Boiled down to its essence, the goal for the 6" x 9" envelope effort mailed in September for the firm's line of e by Epicor products was simple: Generate a certain number of leads based on the numbers needed to make the firm's yearly sales goal, says Jennifer Smith, manager of direct mail programs at Epicor.
The result of some strategizing with Seal Beach, CA, agency Rauxa Direct was a direct mail campaign that incorporated personalized Web sites for each respondent (#836EPISOF0901). The Web sites also would give Epicor a relevant reason to periodically e-mail reminders to respondents to visit the Web sites for updated content.
According to Smith, the lead generation campaign was executed in 2000 for other Epicor products, and then rolled out to the e by Epicor offering in 2001.
Prospecting is a challenging part of the campaign, Smith explains. Once Epicor pulls in leads, whether they come from rented lists, sales staff, trade shows, print ads, etc., the goal is to funnel them appropriately into the mail program, and then build them into customers. Epicor achieves a 15-percent to 22-percent response to its lead generation efforts in the qualification stage.
The mailing captures prospects' attention with a second window on the outer envelope that shows off a Web address personalized with the prospect's name. This address is referenced in numerous places on both the single-page letter and the four-color, card-stock insert. This insert also offers prospects a mail-in BRC, in case they don't want to set up a personal microsite on
e-commerce marketing. Smith says there are several versions of the letter, each tailored to the list used.
While a personalized Web site is a powerful lure, Epicor backs it up with the offer of a free CD demo and the chance to win a Blackberry wireless handheld. Prospects need to set up their personalized Web site to qualify for the contest, though. Epicor tests information premiums, like white papers, against the greed premiums, and drops the premium component entirely when mailing to lists that perform well.

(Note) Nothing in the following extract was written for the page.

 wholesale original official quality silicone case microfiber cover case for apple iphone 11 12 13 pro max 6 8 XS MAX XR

Once prospects register for their own site, they receive monthly e-mails that notify them of the Web content updates. While it's transparent to the visitor, there are really four vertical sites that are tailored toward the prospects' interests, says Smith. These interests are pinpointed in the registration process and by tracking where the prospects travel within their microsites.

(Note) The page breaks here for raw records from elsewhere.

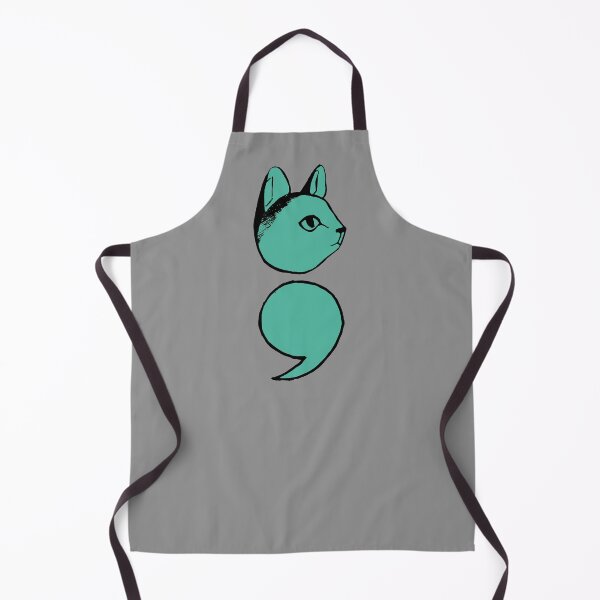 Item preview, Semicolon Cat designed and sold by THROUGH-LIFE.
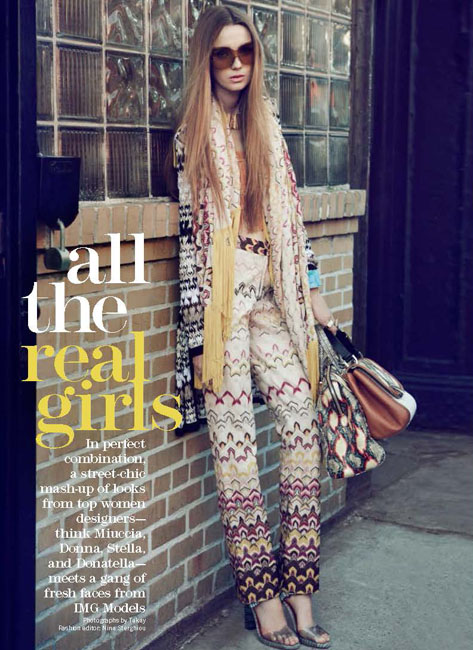 All The Real Girls by Nina Sterghiou & Takay for Marie Claire US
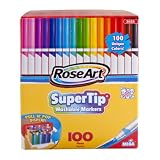 RoseArt Supertip Markers, 100-Count (3028VA-4) ~ Rose Art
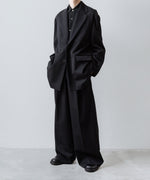 画像をギャラリービューアに読み込む, ssstein(シュタイン)のOVERSIZED SINGLE BREASTED LONG JACKET - BLACKの公式通販サイトsession福岡セレクトショップ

To move these qualified prospects from Web site visitors to buyers, Epicor tracks each visitor's interaction with the site and then matches these leads in segments to the appropriate call center follow-up. This way, sales representatives can be more relevant and effective when they inquire about the prospect's current software needs.
"For a campaign like this," Smith says, "you have to scrub the data." This means running identification processes that make certain the names, companies and customer status is captured accurately.